WaMu hit by hitch on exit of chapter 11

City A.M. Reporter
WASHINGTON Mutual’s effort to exit bankruptcy encountered a setback yesterday when the judge in the case ordered the company to talk further with shareholders about their requests for documents.

The bank holding company had sought approval of its disclosure statement, which must be cleared by a bankruptcy court before it can be sent to those voting on the reorganisation.

Bankruptcy Judge Mary Walrath declined to hear arguments on the hundreds of objections to the disclosure statement. Instead, she ordered lawyers for the company to discuss requests for information by attorneys for shareholders and bondholders and report back on 17 June. She also postponed discussions of the disclosure statement until that time.
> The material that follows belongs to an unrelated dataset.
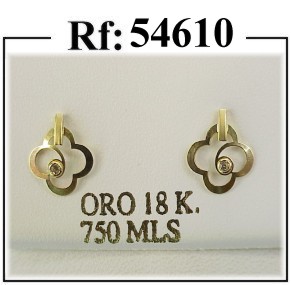 pendientes oro circonitas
Shareholders want to investigate the collapse of Washington Mutual Bank in 2008, the biggest bank failure in US history and the event that pushed the holding company into bankruptcy.

They also want to know more about a settlement of lawsuits among JPMorgan Chase, Washington Mutual and the Federal Deposit Insurance Corp that is central to the bank holding company’s reorganisation plan.

That deal divides disputed assets and provides about $7bn (£4.8bn) to distribute among creditors. Shareholders would receive nothing. Shareholders want information on what legal claims are resolved by the settlement, how those claims were valued and if those valuations are fair. They think the firm’s assets, including legal claims, could be worth $20bn.